- **Data extract**:
______________________________
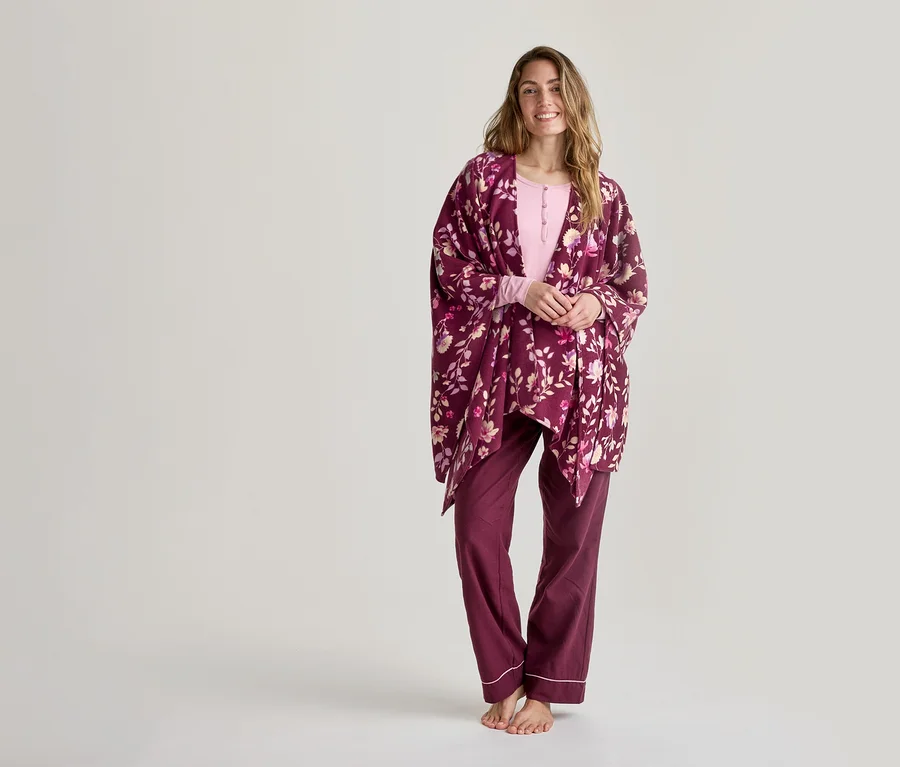 Femme souriante portant un haut rose pâle à manches longues, un pantalon de pyjama rouge foncé avec un liseré blanc et un kimono floral rouge foncé, debout pieds nus devant un fond blanc.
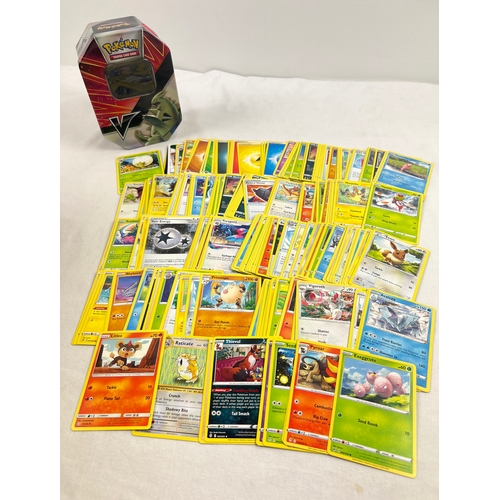 20 - 235 assorted Pokemon cards in a 2021 Pokemon V Tyranitar octagonal shaped tin. Cards comprise 187 ch... 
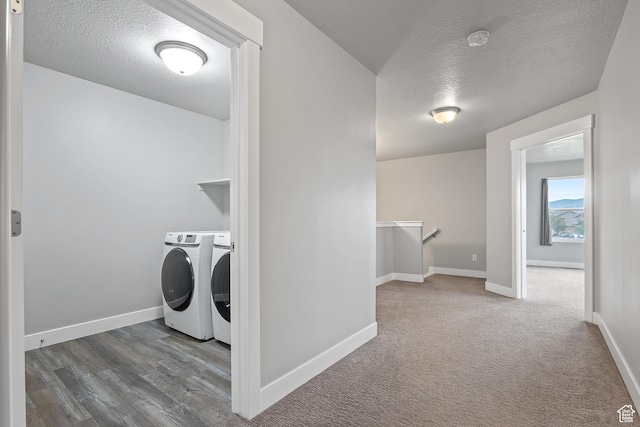 8687 N Oakmont Aly, Eagle Mountain, UT 84005 - laundry room with a textured ceiling and washing machine and dryer
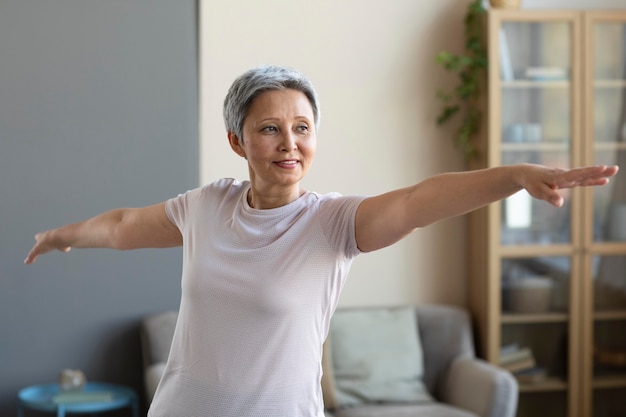 Senior woman training at home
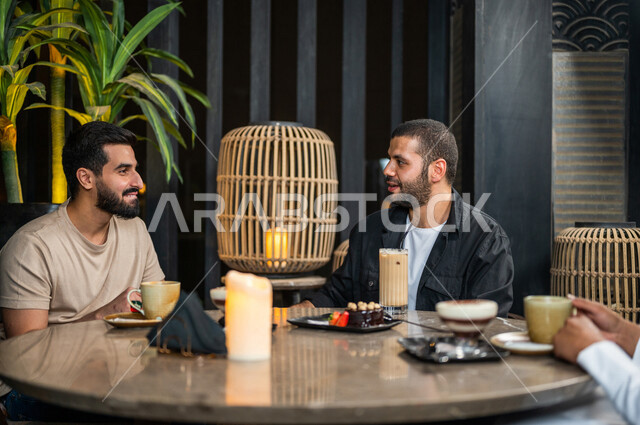 شباب عرب خليجيون سعوديون يجلسون في احد مقاهي المملكة العربية السعودية، الاستمتاع بتبادل الحديث معاً، تناول القهوة والمشروبات الباردة والحلى اللذيذة، أجواء راقية، أنشطة شبابية ترفيهية، ايماءات وجه ويدين تدل على السعادة، الأجواء الشبابية في المقاهي السعودية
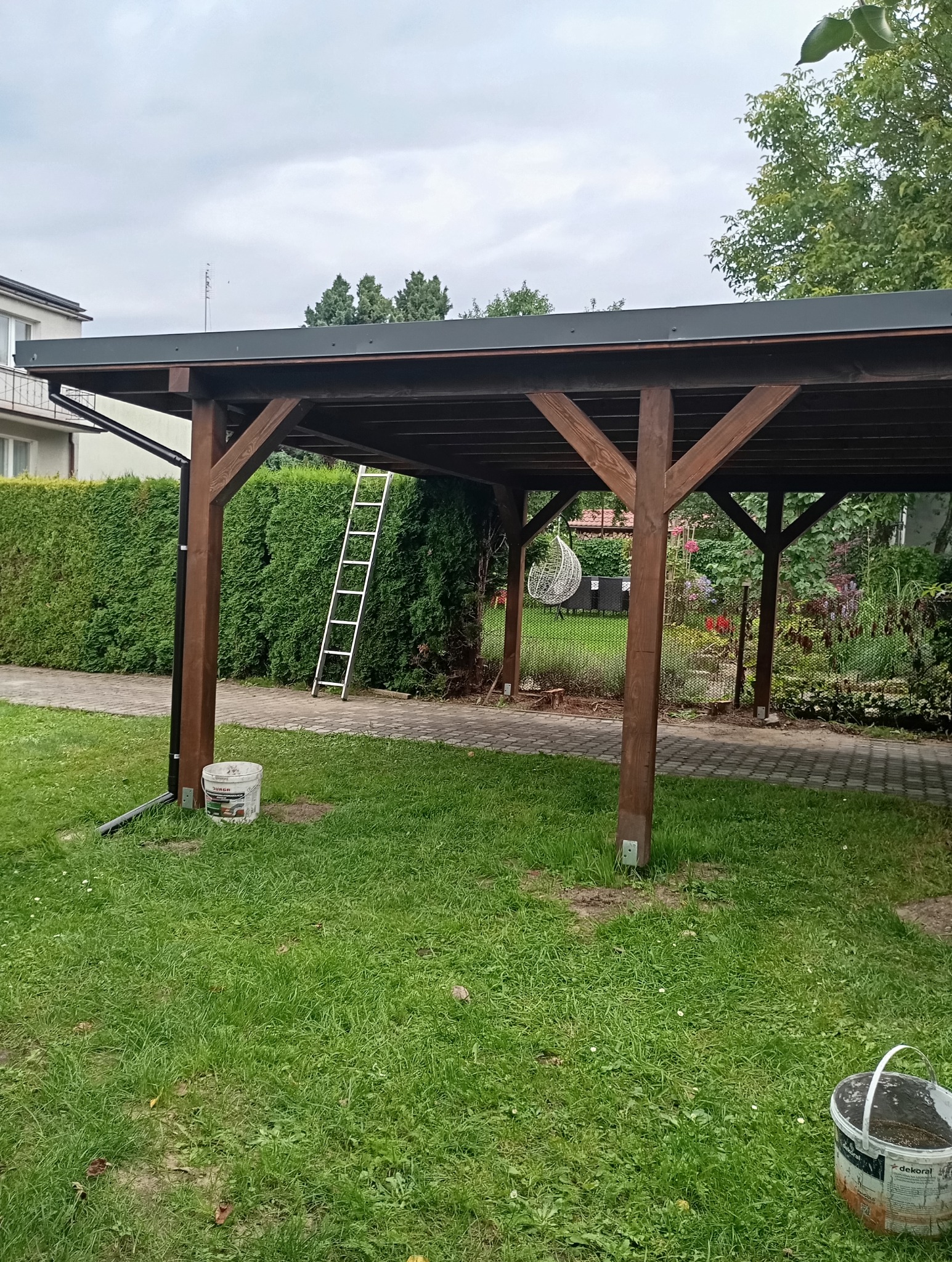 Drewniana pergola z ciemnym dachem w ogrodzie, widoczna drabina i wiadro z farbą. Ujęcie z poziomu trawy, na tle zieleni i części domu.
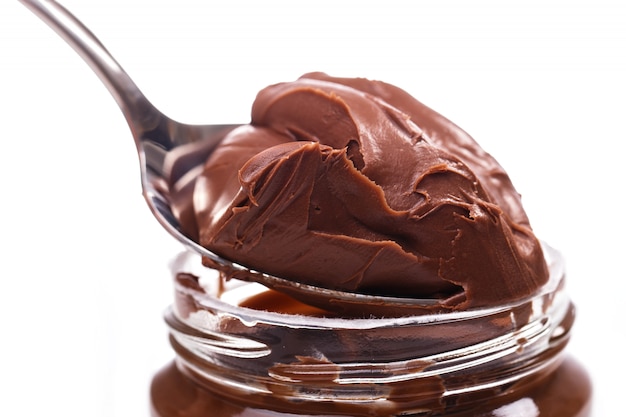 Free photo delicious chocolate cream on a spoon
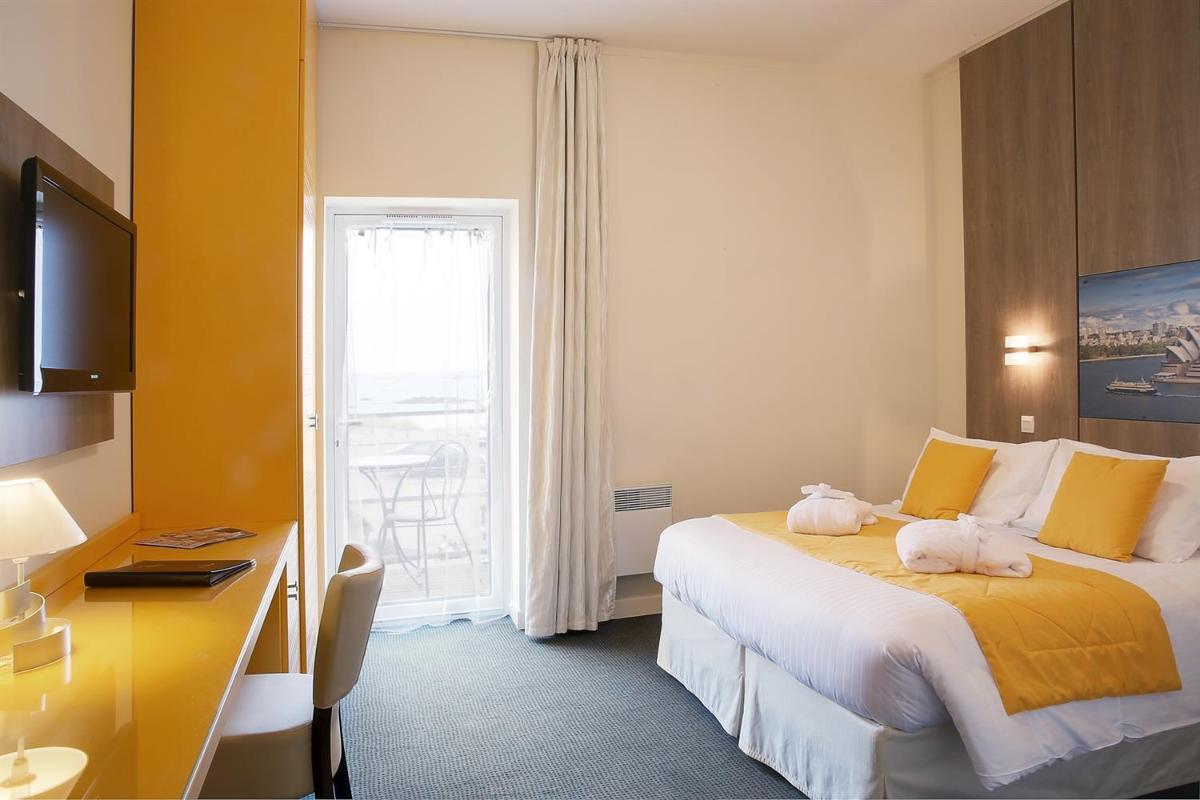 Un ou plusieurs lits dans un hébergement de l'établissement Best Western Plus Les Terrasses de Bréhat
______________________________
- **Task**: Repeat verbatim the lines from the one with "Senior woman training at home" through the end of the listing above. Include both ends, add nothing, and exclude the pictures.

- **Response to this task**:
 Senior woman training at home
 شباب عرب خليجيون سعوديون يجلسون في احد مقاهي المملكة العربية السعودية، الاستمتاع بتبادل الحديث معاً، تناول القهوة والمشروبات الباردة والحلى اللذيذة، أجواء راقية، أنشطة شبابية ترفيهية، ايماءات وجه ويدين تدل على السعادة، الأجواء الشبابية في المقاهي السعودية
 Drewniana pergola z ciemnym dachem w ogrodzie, widoczna drabina i wiadro z farbą. Ujęcie z poziomu trawy, na tle zieleni i części domu.
 Free photo delicious chocolate cream on a spoon
 Un ou plusieurs lits dans un hébergement de l'établissement Best Western Plus Les Terrasses de Bréhat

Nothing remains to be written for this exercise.